#### WORK ITEM:
Repeat the data word for word and skip the pictures.

#### PROVIDED MATERIAL:
▬▬▬▬▬▬

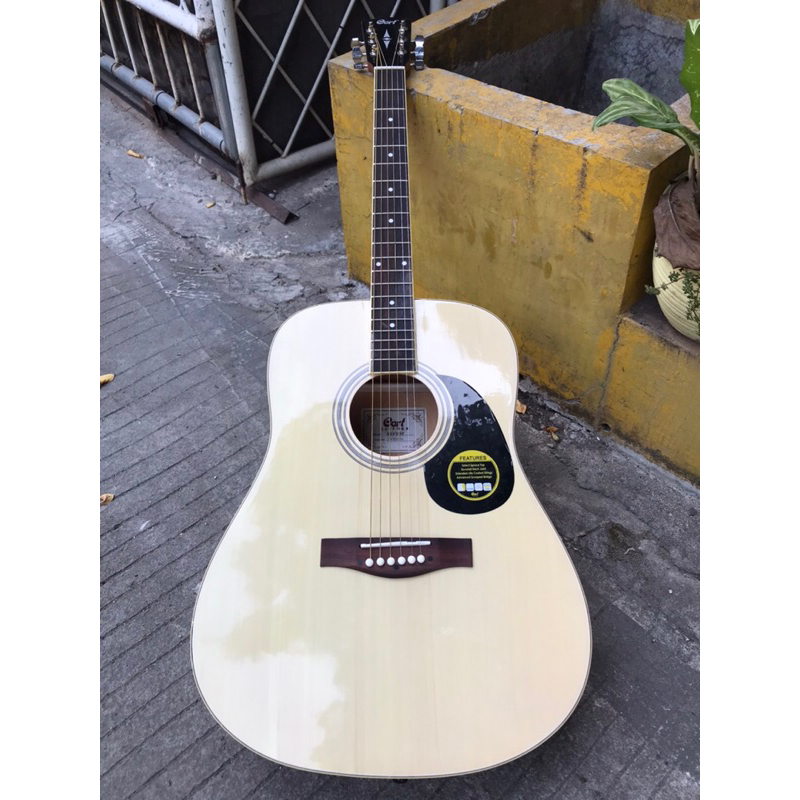 Gitar akustik Cort Custom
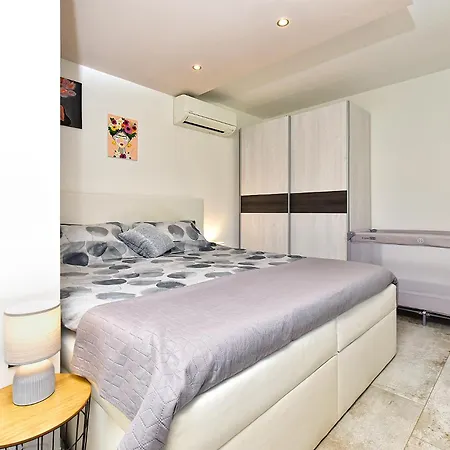 Apartment Valter 2284 Medulin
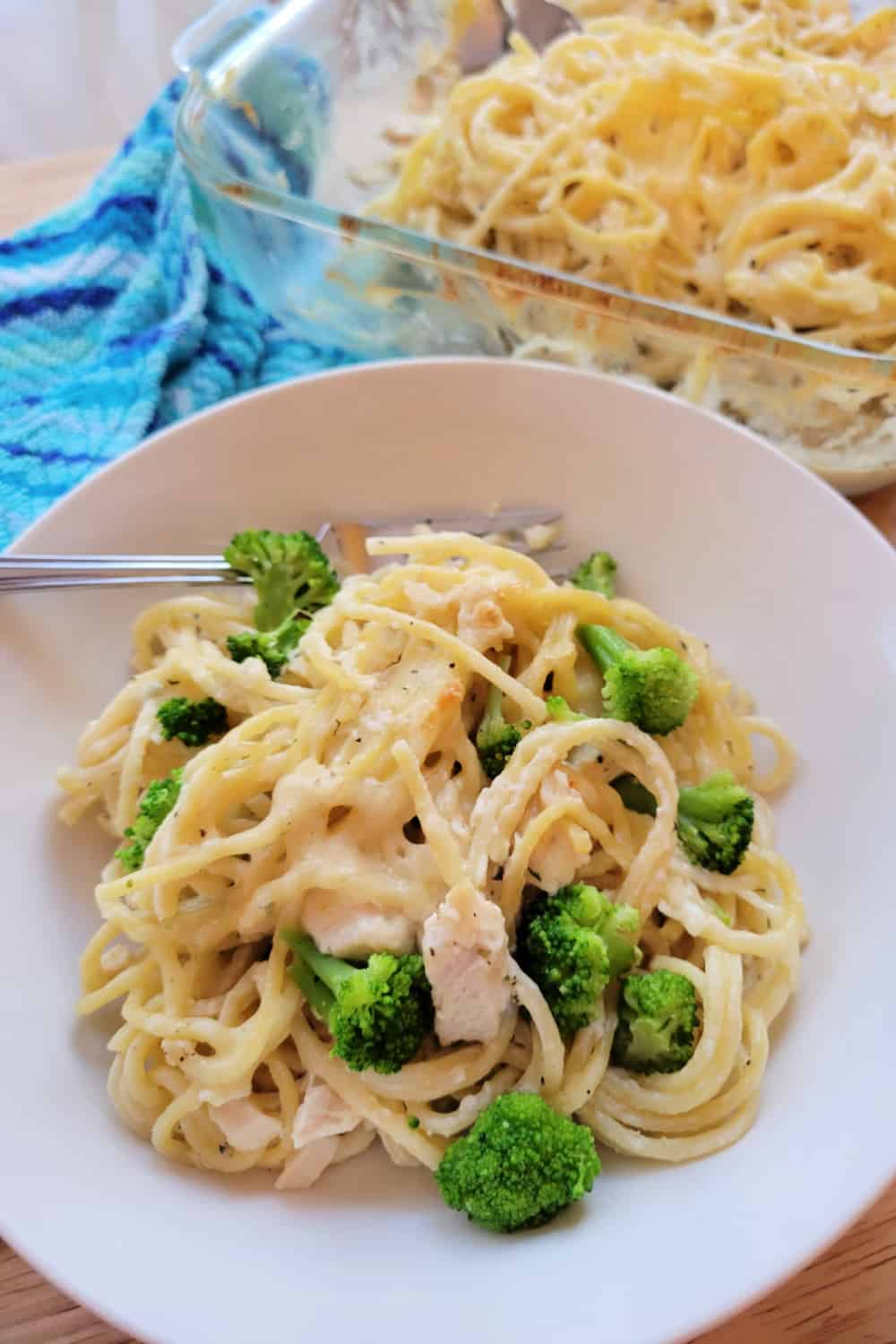 Easy Chicken Broccoli Pasta Bake is a meal the whole family will love. The best part is you can make this creamy and cheesy pasta in 30 minutes! via @jugglingactmama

▬▬▬▬▬▬

#### TASK RESULT:
 Gitar akustik Cort Custom
 Apartment Valter 2284 Medulin
 Easy Chicken Broccoli Pasta Bake is a meal the whole family will love. The best part is you can make this creamy and cheesy pasta in 30 minutes! via @jugglingactmama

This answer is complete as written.